The question of skill in predicting lightning using microwave remote sensing can be evaluated using contingency tables (Roebber 2009; Wilks 2011) where results are presented in a 2 × 2 table in terms of whether there was a prediction (SSM/I) and an observation (NLDN) of lightning in a particular grid box. There are four possibilities for any prediction in a contingency table: hit (SSM/I > 0 and NLDN > 0), false alarm (SSM/I > 0, NLDN = 0), miss (SSM/I = 0, NLDN > 0), or correct negative (SSM/I = 0, NLDN = 0). To evaluate a contingency table, multiple skill scores have been developed (Roebber 2009; Wilks 2011). Because lightning is infrequent within any given SSM/I overpass scene (e.g., Figs. 2 and 5), the number of correct negatives is enormous. Of the nearly 44 million grid-box comparisons (from the ~13 000 overpasses), 98.9% are correct negatives. The most useful skill scores for this study are those that are independent of the number of correct negatives, so the probability of detection (POD), false-alarm ratio (FAR), bias B, and the critical success index (CSI) are presented.
Using the full dataset, Table 1 quantifies the contingency table entries and skill scores that are independent of the correct negatives, along with the relevant calculations (Wilks 2011). POD is about 47% and FAR is about 58%, showing that grid-box hits are rarer than grid-box false alarms. Similarly, CSI is low because the false alarms and misses are each greater than the number of hits. The bias shows that SSM/I microwave data predict lightning about 10% more often than it occurs, which itself indicates that false alarms and misses are similar.

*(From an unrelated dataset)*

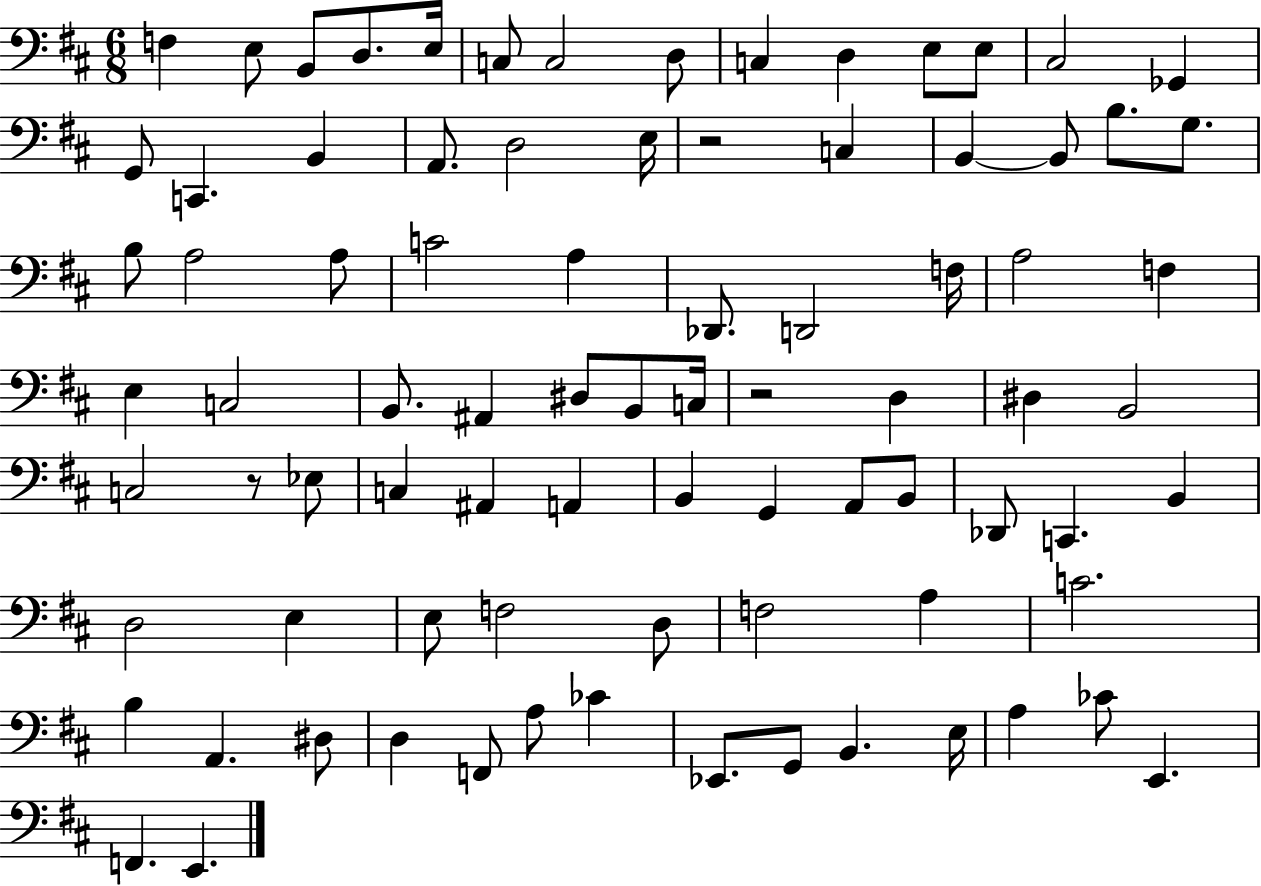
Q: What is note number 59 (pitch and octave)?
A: E3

The skill scores are a useful way to evaluate whether predictions of lightning from SSM/I data can be verified, but accuracy in the amount of lightning is also a critical element. Two ways to present the accuracy for the full dataset are by calculating grid-box to grid-box comparisons of SSM/I and NLDN lightning, and by calculating the sum of all CG lightning flashes within an SSM/I overpass to compare with the equivalent region of interest for NLDN. The latter will be referred to as summed lightning. The grid-box comparisons are the finest spatial scale that could be resolved, while the summed lightning comparison is intended to help us better understand how false alarms and misses are related to small collocation differences.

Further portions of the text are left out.